Before he could finish the introduction, Gareth’s excited voice cut him off.
“The Huntress Brighid!” He gushed. “It is, isn’t it?”
“Yes, Gareth. This is MacCallan’s Huntress, Brighid Dhianna.”
Gareth executed a quick, awkward bow, and Brighid realized that what she had taken for a grown man was really just a tall, gangly youth who stared at her with open, awestruck delight.
“Well met, Brighid!” Gareth gushed, his voice cracking on her name.
Brighid could hear Cuchulainn’s sigh and she stifled a smile.
“Well met, Gareth,” she returned the greeting.
“Wait till I tell the others! They won’t believe it. You’re even more beautiful than Curran and Nevin described.”
Gareth started to rush away, then stopped, turned back, and bowed sheepishly to Brighid again. The Huntress could have sworn that the youth’s cheeks were reddened with an embarrassed blush.
“Pardon me, Huntress. I’ll go tell the others that we have a visitor. Another one!” Then he turned and, with wings spread, all but flew away down the path.
“Foolish boy,” Cuchulainn muttered.
Brighid raised a silver brow at the warrior. “I’m even more beautiful than Curran and Nevin described?”
Cuchulainn lifted his hands in a gesture of quiet frustration. “The twins tell stories in the evenings. You are a favorite subject with them.”
“Me? How can that be? Curran and Nevin hardly know me.”

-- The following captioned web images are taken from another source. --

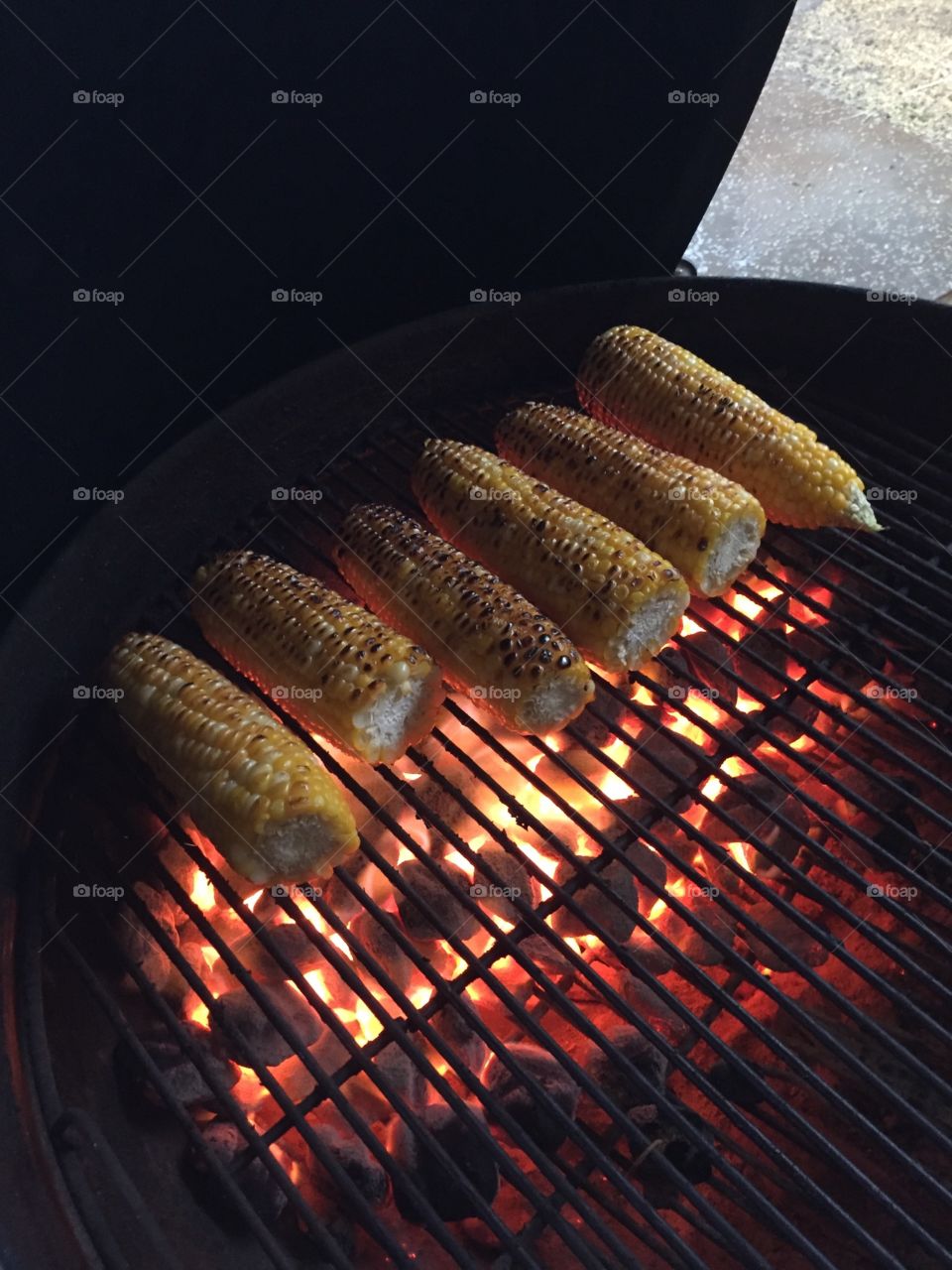 Charcoal embers with corn grilling.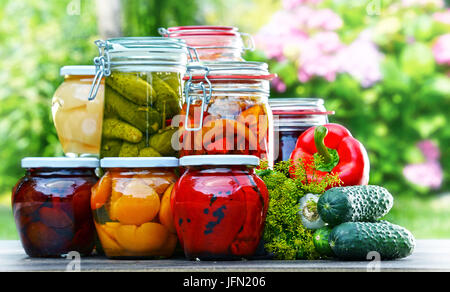Gläser von eingelegtem Gemüse und Obst im Garten Stockfoto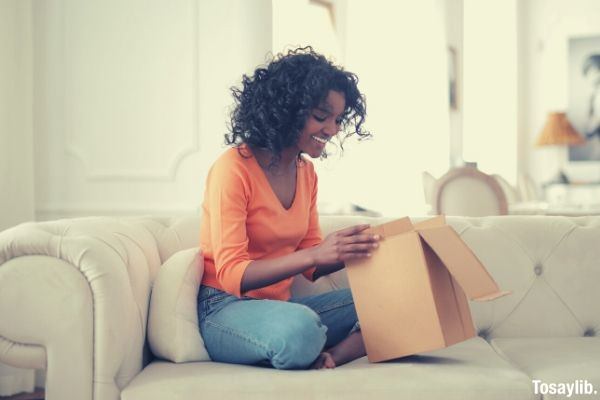 cheerful african american woman unpacking parcel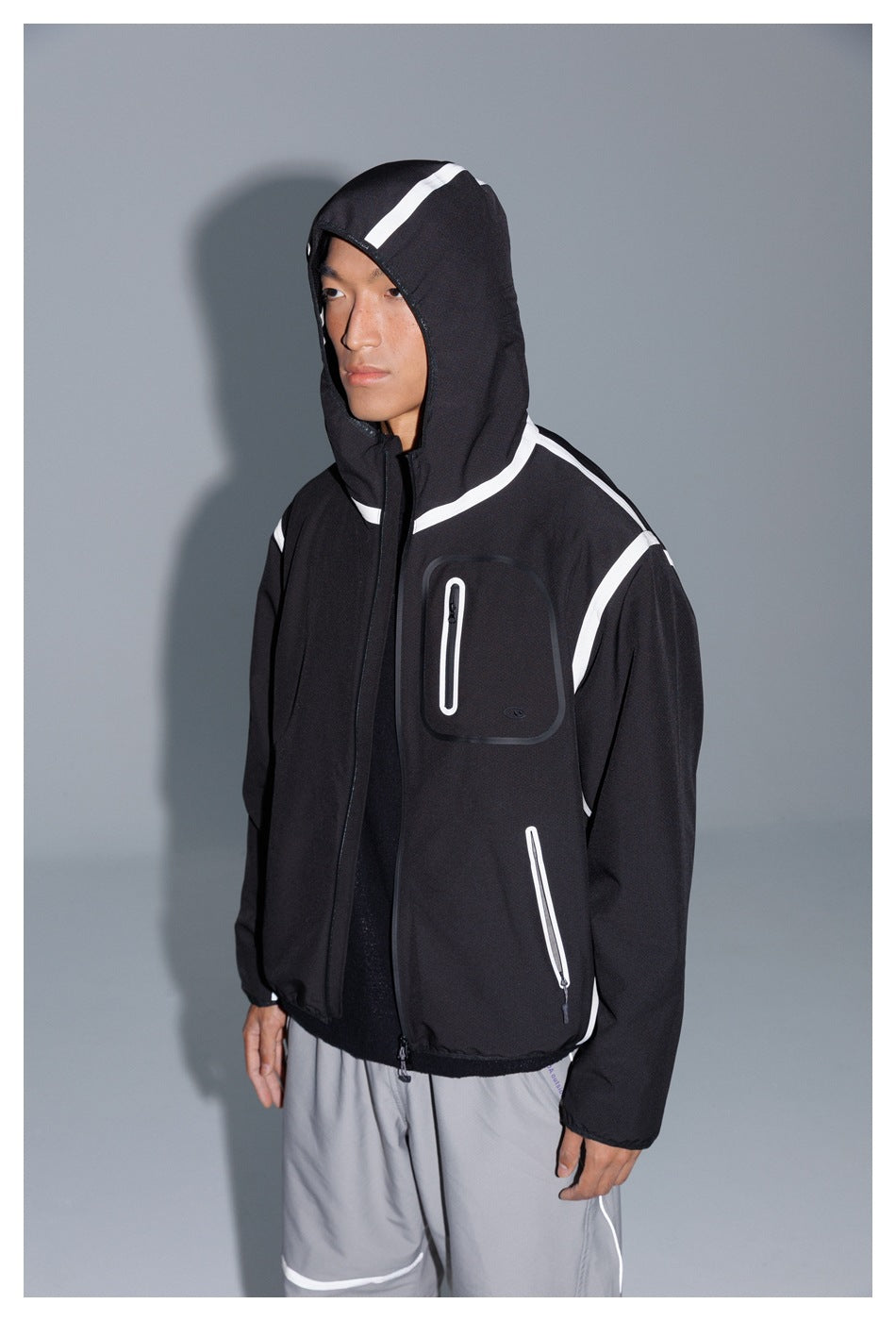 Model wearing a black hooded jacket with white piping and zip pockets, shown in a close front view.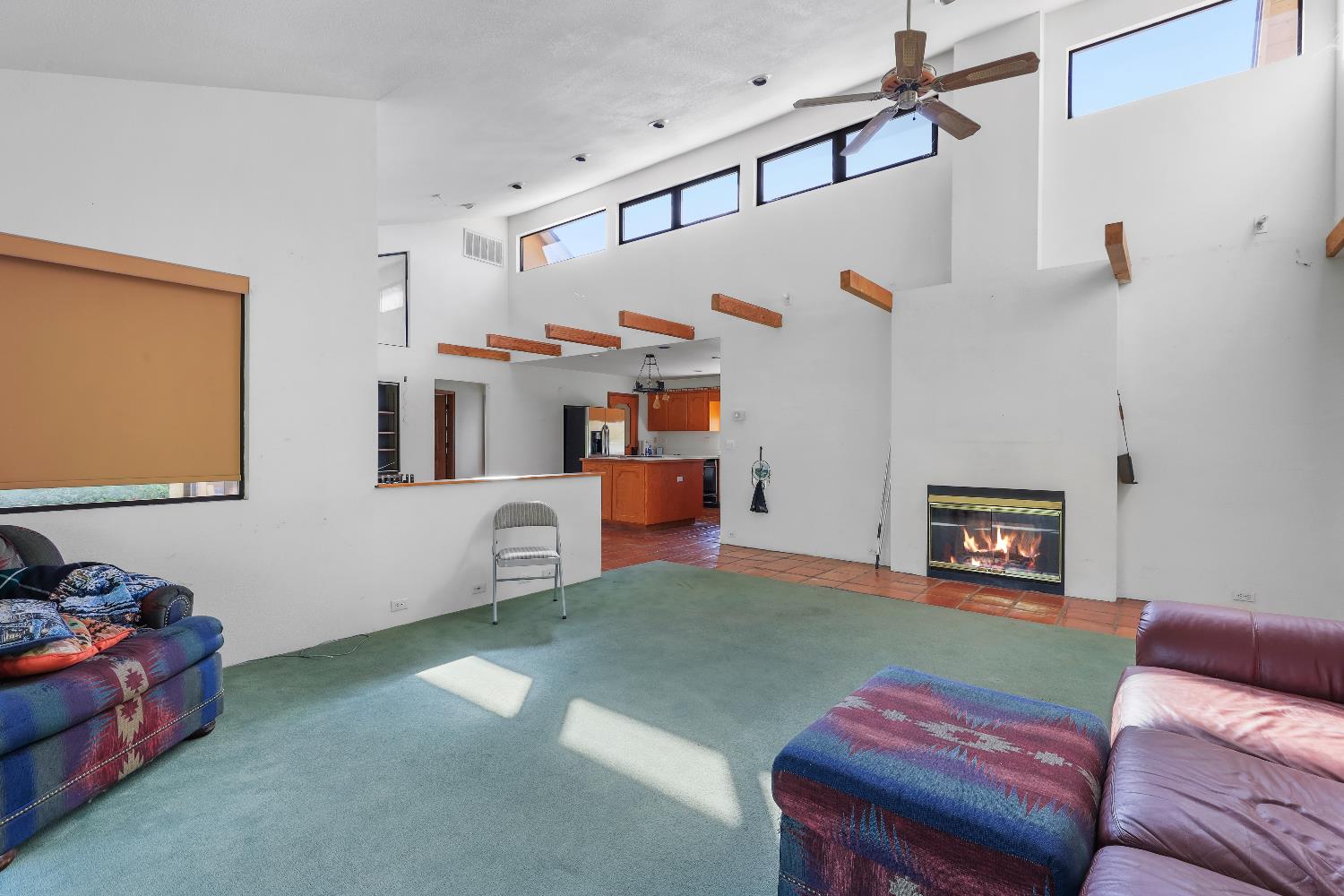 9537 Alta Mesa Road Wilton, CA 95693 - Photo 23 of 33 a living room with furniture and a fireplace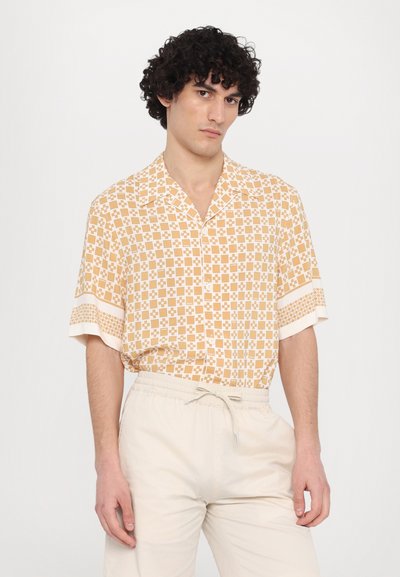 Chemise à manches courtes en orange clair avec un motif géométrique et des accents blancs, dotée d'un col et de boutons. Associée à un pantalon crème.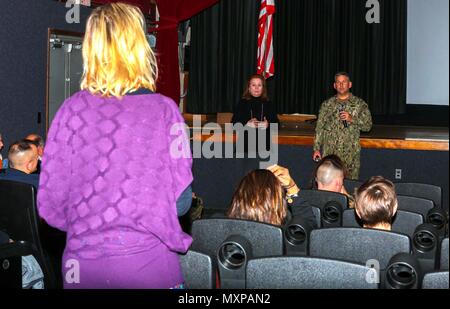 Erica Thomas presents her concern about the danger at a cross walk used by her children during the Town Hall Meeting at the base theater on  Marine Corps Air Station New River Nov. 29. The meeting was comprised of sections and shops of the Air Station who had representatives speak to the residents of Marine Corps Air Station New River and receive feedback for any goods and services available. Thomas is a resident of Marine Corps Air Station New River. Stock Photo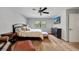 Bright bedroom featuring wood floors, a large window, and updated fixtures with comfortable furniture at 1240 Fox Creek Dr, Sarasota, FL 34240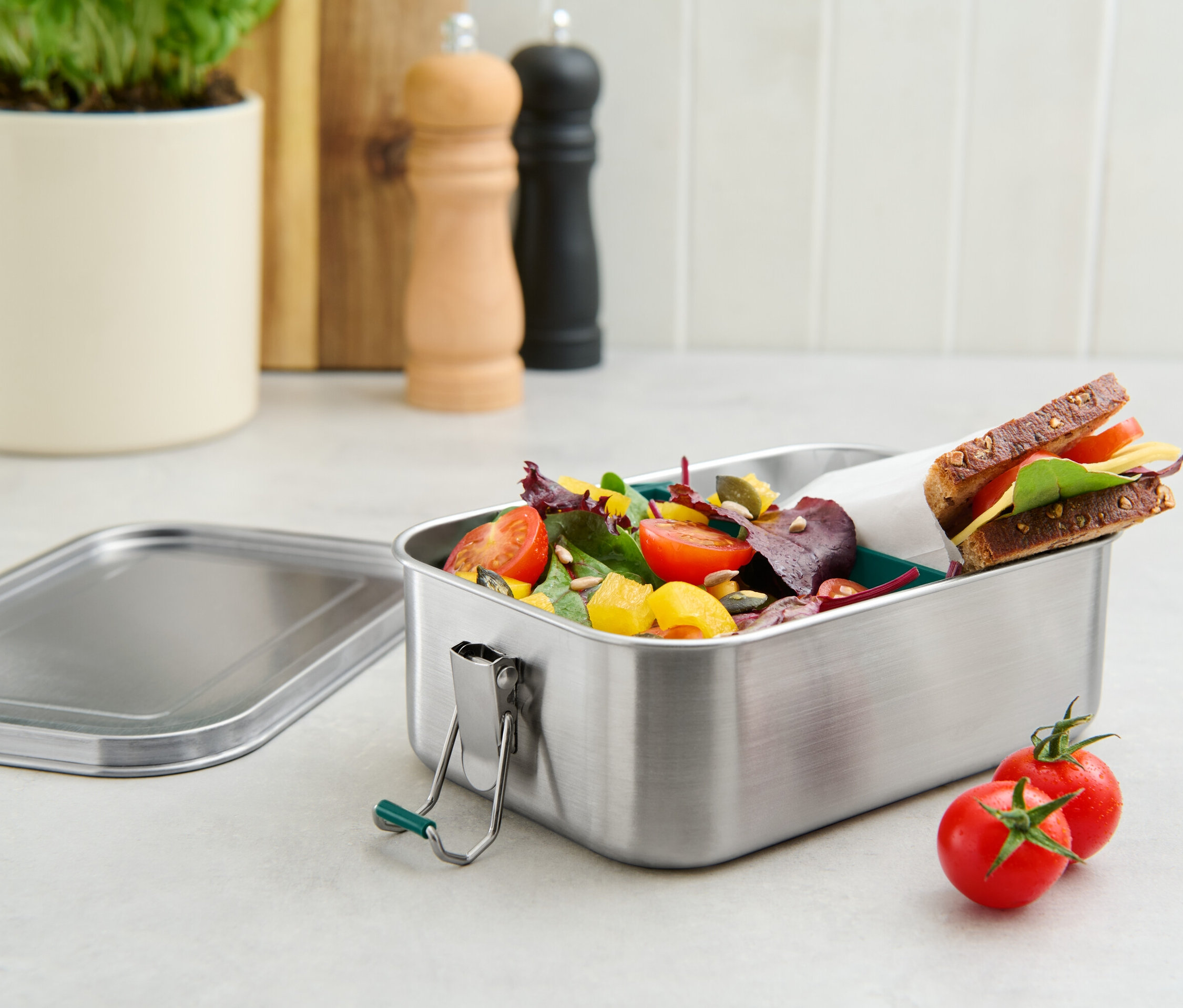 Nerezový svačinový box na cesty s obsahem salátu a sendviče.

“Apparently they put the short time they spent at MacCallan Castle to excellent use. They listened and observed. A lot. You know how the Clan likes to talk, and the more they talk, the more deeds grow. You didn’t just track Elphame in the night through the forest to find where she had fallen and injured herself – you did it all in a lashing storm, too,” he said.
“I did nothing of the sort. The storm began after we found Elphame. And it wasn’t full dark until after we found her.” Brighid tried to sound annoyed, but she couldn’t help the smile that played at the corner of her lips.
“And then there’s the story of Fand,” Cuchulainn said, sifting in the saddle as if he was suddenly uncomfortable.
Brighid’s silver brows went up. “And who told them about that, Cu?”
Cuchulainn shrugged and kneed the gelding to follow Gareth’s path. “They asked. And they can be very persistent when they want to know something.”
“They being Curran and Nevin?” Brighid asked his broad back.
“No. They being the children.”
And then a noise drifted to the Huntress’s acute hearing. She thought that it sounded a little like the chattering of many birds.
Cuchulainn saw his horse’s ears prick forward.
“Remember that I forewarned you about the children,” he called over his shoulder.
Brighid frowned severely at the warrior’s back. Forewarned her? He hadn’t forewarned her about anything – he’d just asked if she liked children. What in the darkest realm of the Underworld was going on here?
They took another turn in the path and the trail opened up. Brighid moved quickly so that she was beside Cuchulainn. She saw that the road widened and led straight into the heart of the neat little settlement. A heart that was currently filled with small winged bodies that were chattering excitedly. When they caught sight of the centaur the children’s talking was instantly replaced by a collective gasp which reminded Brighid of the coo of doves.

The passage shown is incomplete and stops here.